Priest Jovica's Rebellion
| Date | 10–13 March 1834 |
| Location | Derventa and Gradačac nahiye, Bosnia Eyalet (modern Bosnia and Herzegovina) |
| Result | Ottoman victory |

Belligerents
- Christian peasants (predominantly local Serbs): Ottoman Bosnia leadership

Commanders and leaders
- Jovica Ilić: Unknown

Casualties and losses
- 2,000 killed: 300 killed

= Priest Jovica's Rebellion =

1834 rebellion in Bosnian Posavina

Priest Jovica's Rebellion (поп-Јовичина буна) was a Christian peasant rebellion that broke out in the Derventa and Gradačac nahiye, in Bosnian Posavina, in 10–13 March 1834, organized by Orthodox priest Jovica Ilić from Banja Luka, stationed in Derventa at the time. The rebels were predominantly Orthodox (Serbs), but some Catholics (Croats) also joined.

Jovica Ilić corresponded with other Serbian Orthodox leaders and also sent letters to Serbian Prince Miloš Obrenović. He rallied other priests (such as Pavle Tvrtković, Milo Vitković and Stevan Avramović of Orašje) and the population around Podnovlje. Notable priests Tvrtković and Vitković who had fled to Serbia prior to the outbreak of the rebellion, had met in Požarevac with Prince Miloš whom they asked to take up the side of the Christians in Bosnia at the Porte. Those who stayed in Serbia prepared from Šabac a rebellion in the nahiye of Banja Luka, Bijeljina, Tuzla and Derventa. Tvrtković, who was Jovica's closest associate, organized people in Serbia, and at first had the support of Prince Miloš.

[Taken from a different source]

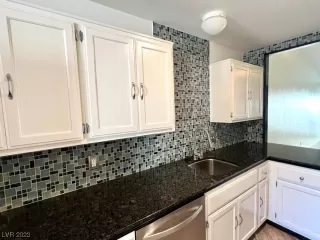 Photo #4: 2528065 Listing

The rebellion broke out in the nahiye of Derventa and Gradačac in Bosnian Posavina. Odžak was set on fire by the rebels. 300 bey soldiers were killed. It was quickly suppressed by the Ottoman government. Some 600 Serbs in Derventa were killed in the aftermath. Some of the population migrated to Slavonia, part of the Habsburg monarchy. The Austrian government registered 326 immigrants to Austria, of whom 66 did not return to Bosnia. Jovica was wounded and fled across the Sava to the Habsburg monarchy. Decapitated rebel heads were put on display at the Gradačac fort walls. The Ottomans accused Jovica that he wanted to "make Serbia out of Bosnia" with the rebellion. After the collapse of the rebellion, Prince Miloš secretly received, hid and protected some of the rebel leaders and protested at the Porte due to the atrocities and penalties which had caused the uprising, and unrest not only in Bosnia but in Serbia also. Several thousand peasants were received in Serbia, especially from Bosanska Krajina, who sought refuge from feudal terror; these were settled in Podrinje and Šumadija. The rebellion echoed to Bosanska Krajina, where the Second Mašići Rebellion broke out. A similar peasant rebellion broke out in Niš.

In Majevac, near Doboj, a Serbian Orthodox convocation was held which marked 170 years since the rebellion.